He saw the horn-nailed bare feet of men from north of The Mounth, who scorned shoes for the most part save for clogs or pattens in the deep winter. These were the wild-haired men with wicked knifes and round shields and long-handled axes, who spoke either a language the Dog Boy did not understand at all, or one which he recognised only vaguely. They sibilated in soft, sing-song tones and made wild music to dance to.
There were turnshoes and half-boots, ragged and flapping some of them, belonging to men from Kyle and Fife and the March. These were the burghers and free men, ones who could afford iron hats and fat-padded jacks with studs, the ones who carried the long spear, the pike, in the marching formations which so fascinated the Dog Boy. Schiltron. It was a new word, to everyone else as much as the Dog Boy; he rolled it round his mouth like a pebble against thirst.
The men from Ayrshire and those from Fife contrived to sneer at each other for their strange way of speaking – and both walked soft around the men from the north. Yet they were here, all facing the same direction, and the Dog Boy was aware, as if he had lain back in grass and started to look clearly at clouds, of the vastness of that revelation.

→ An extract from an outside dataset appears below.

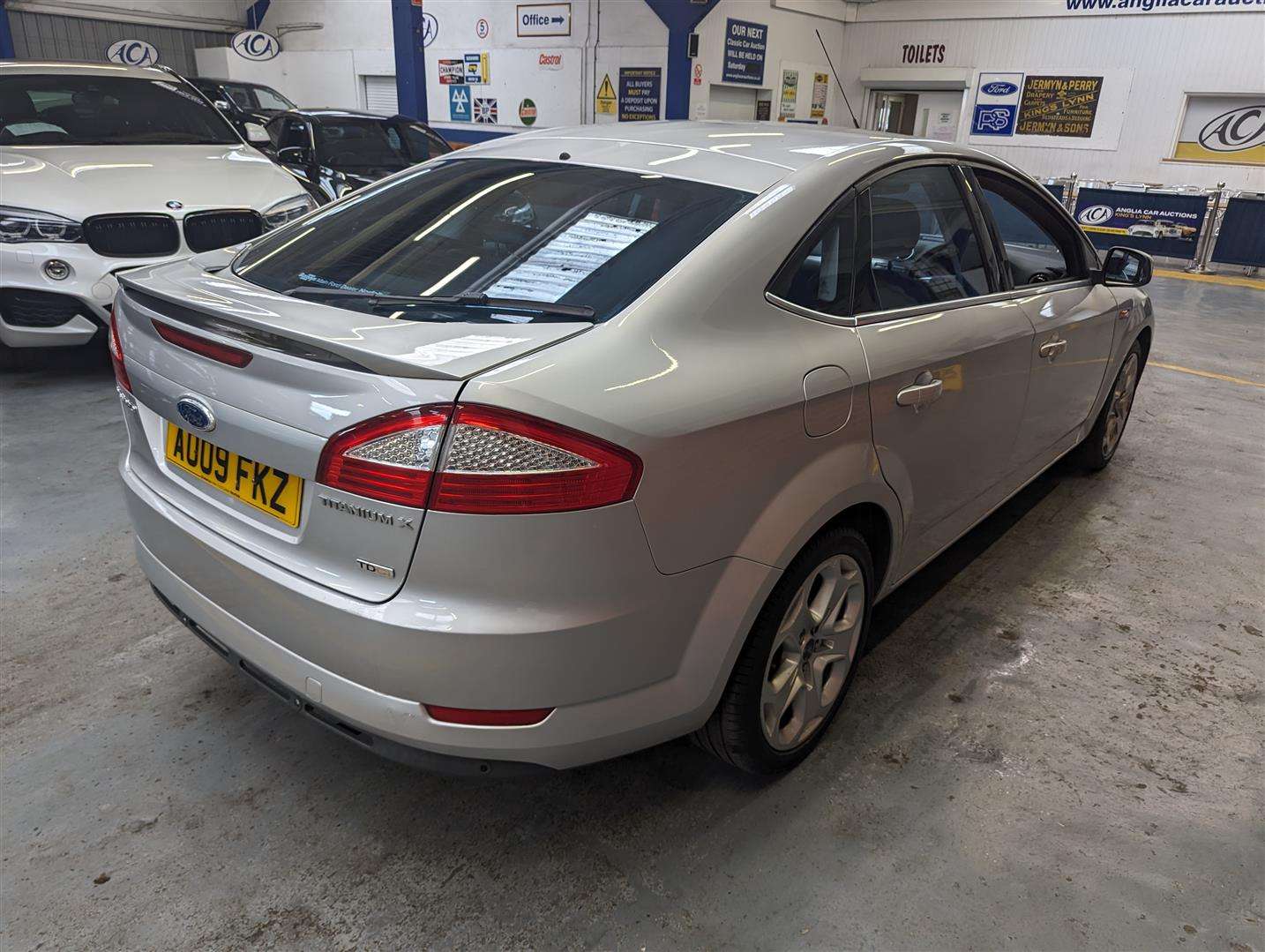 <p>2009 FORD MONDEO TITANIUM X TDCI140</p>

They were here because, for all they might dislike each other and the men from north of The Mounth look on the likes of Bruce and Moray and Comyn as incomers, the one thing they hated more was the idea of being ruled by invaders from the English south.
The Dog Boy had also seen the fine leather boots, or the maille chausse with leather sole that marked a knight or man-at-arms, but there were precious few of those iron leggings. He had thought of Jamie Douglas then and had asked round the campfires until he had found men from Lanark, one of whom knew the tale of it.
‘Away to France,’ he told the Dog Boy in the guttering red light. ‘Away to safety with Bishop Lamberton, since his da is taken off in chains.’
The man who told the Dog Boy looked at the boy’s pinched, sunken-eyed face as he added that Jamie’s da was unlikely to be seen again, carried off to the Tower from his cell in Berwick, where he raved, ranted and finally annoyed his gaolers once too often. Beatings, he had heard, and worse. The Hardy would not be back in a hurry, his woman and Jamie’s siblings were living with her relations, the Ferrers, somewhere in England – and Douglas was now an English castle.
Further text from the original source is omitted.